■ What to work on
Exactly as written, retype the lines that run from the line holding "紅色磚紋背景，中央為白色、黃色和黑色的LEGO標誌。 — 簡約 壁紙" through the end of the records below. Do not include pictures.

■ Image-text web data
Content starts
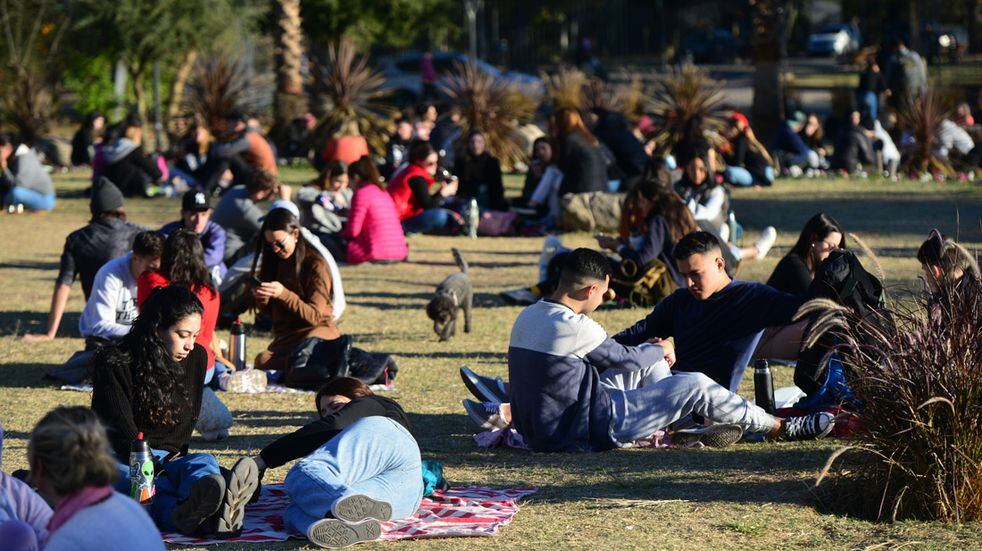 Luego de contestar el Censo 2022, una gran cantidad de gente fue al Parque Sarmiento a disfrutar de la tarde.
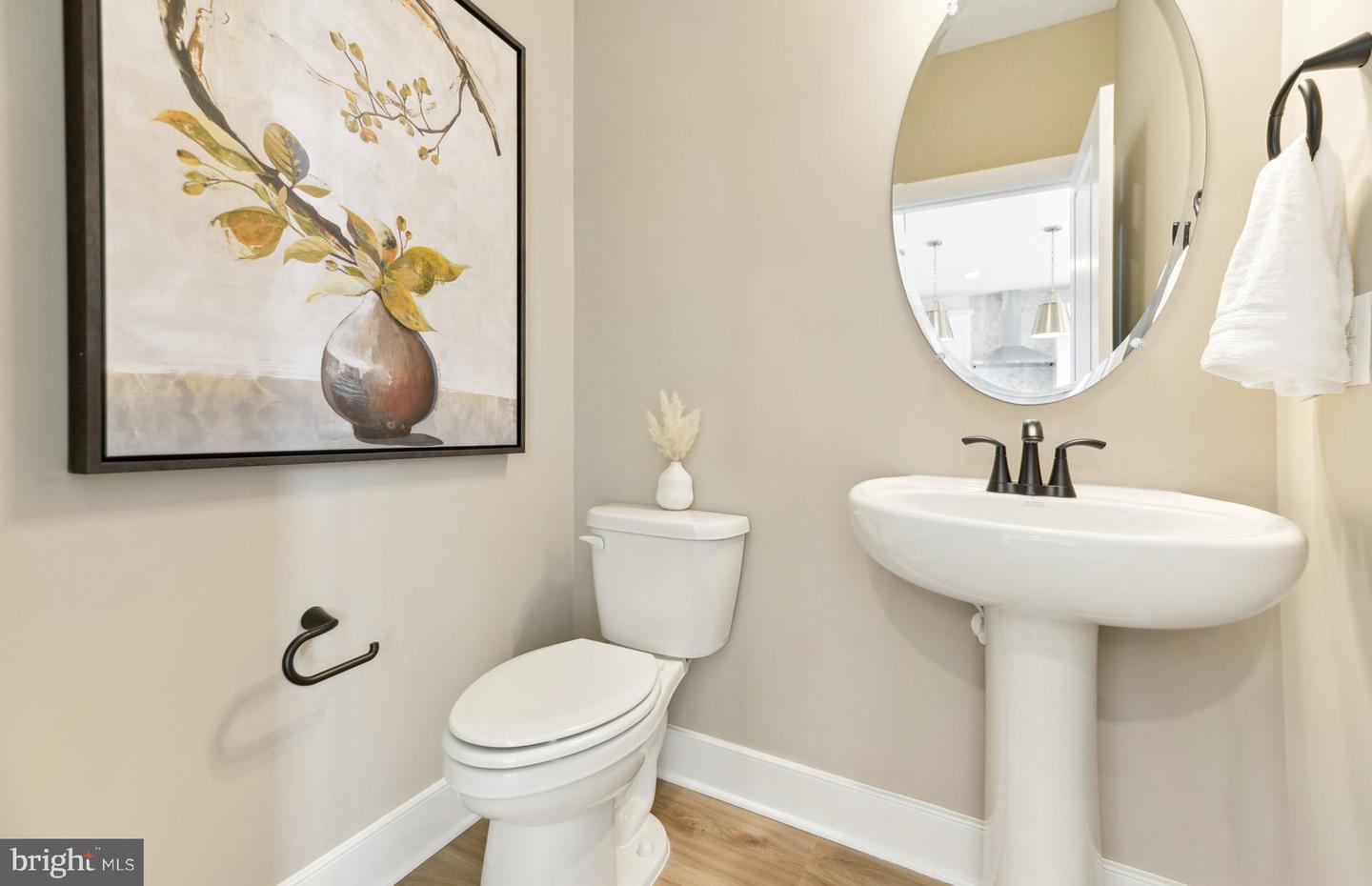 19814 LAVENDER DUST SQ, ASHBURN, Virginia 20147, 3 Bedrooms Bedrooms, ,2 BathroomsBathrooms,Residential,For sale,19814 LAVENDER DUST SQ,VALO2093884 MLS # VALO2093884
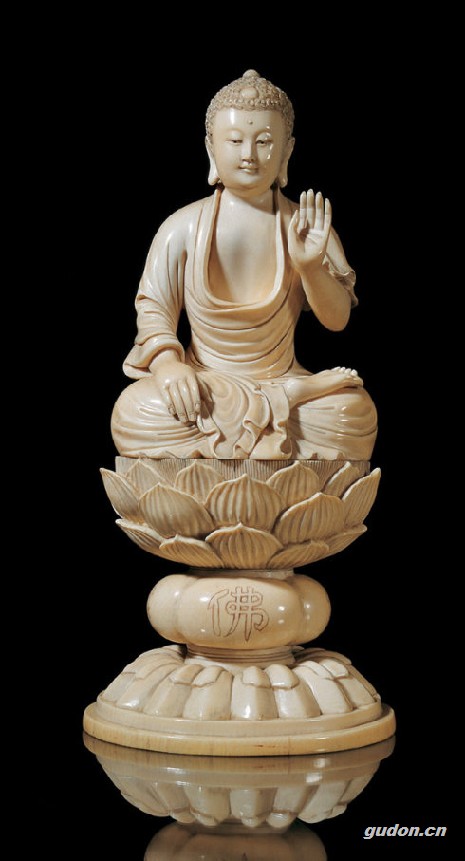 象牙雕刻作品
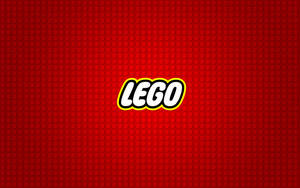紅色磚紋背景，中央為白色、黃色和黑色的LEGO標誌。 — 簡約 壁紙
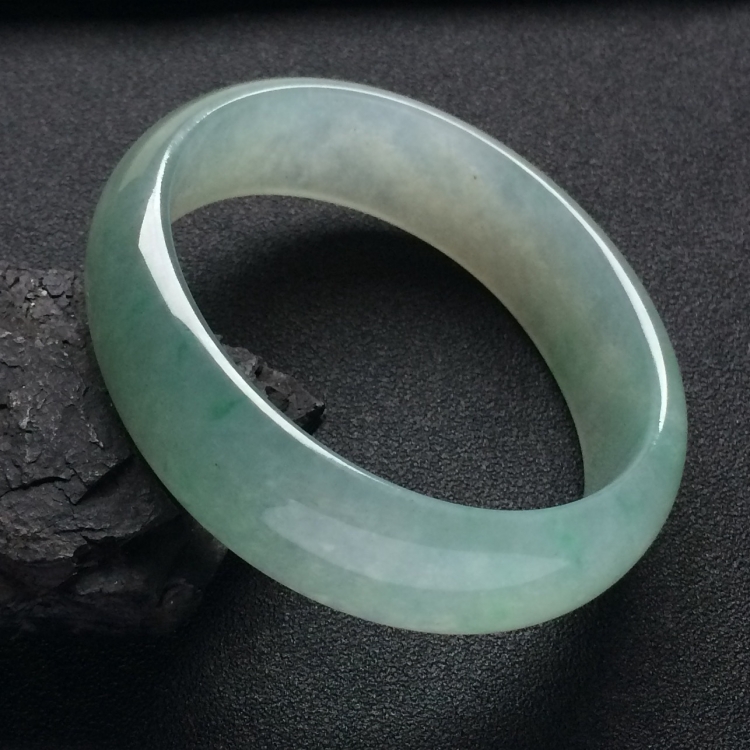 （超值推荐）冰种晴水略飘花贵妃镯（55.6mm-49.3mm）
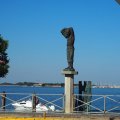 Monumento al pescatore auf der Isola dellunione | Comments: 1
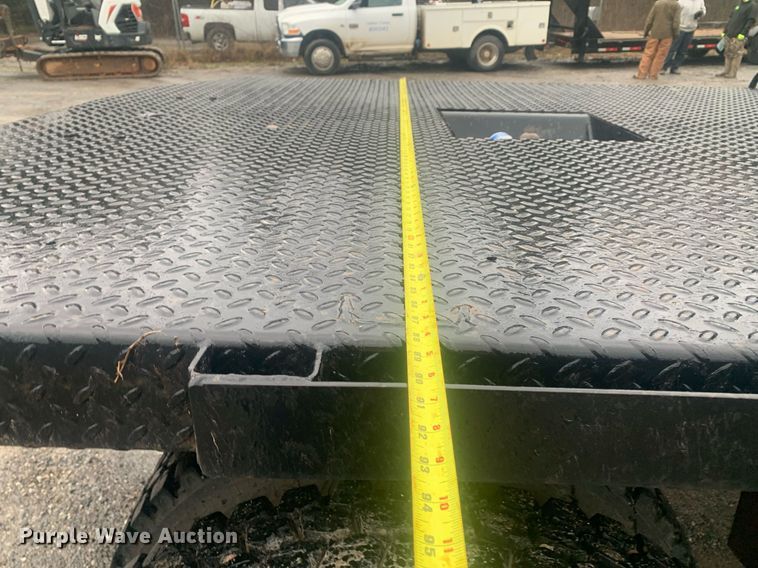 image for item DP8812 2003 GMC C6C042 flatbed truck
Content ends
■ Solution to the problem
紅色磚紋背景，中央為白色、黃色和黑色的LEGO標誌。 — 簡約 壁紙
 （超值推荐）冰种晴水略飘花贵妃镯（55.6mm-49.3mm）
 Monumento al pescatore auf der Isola dellunione | Comments: 1
 image for item DP8812 2003 GMC C6C042 flatbed truck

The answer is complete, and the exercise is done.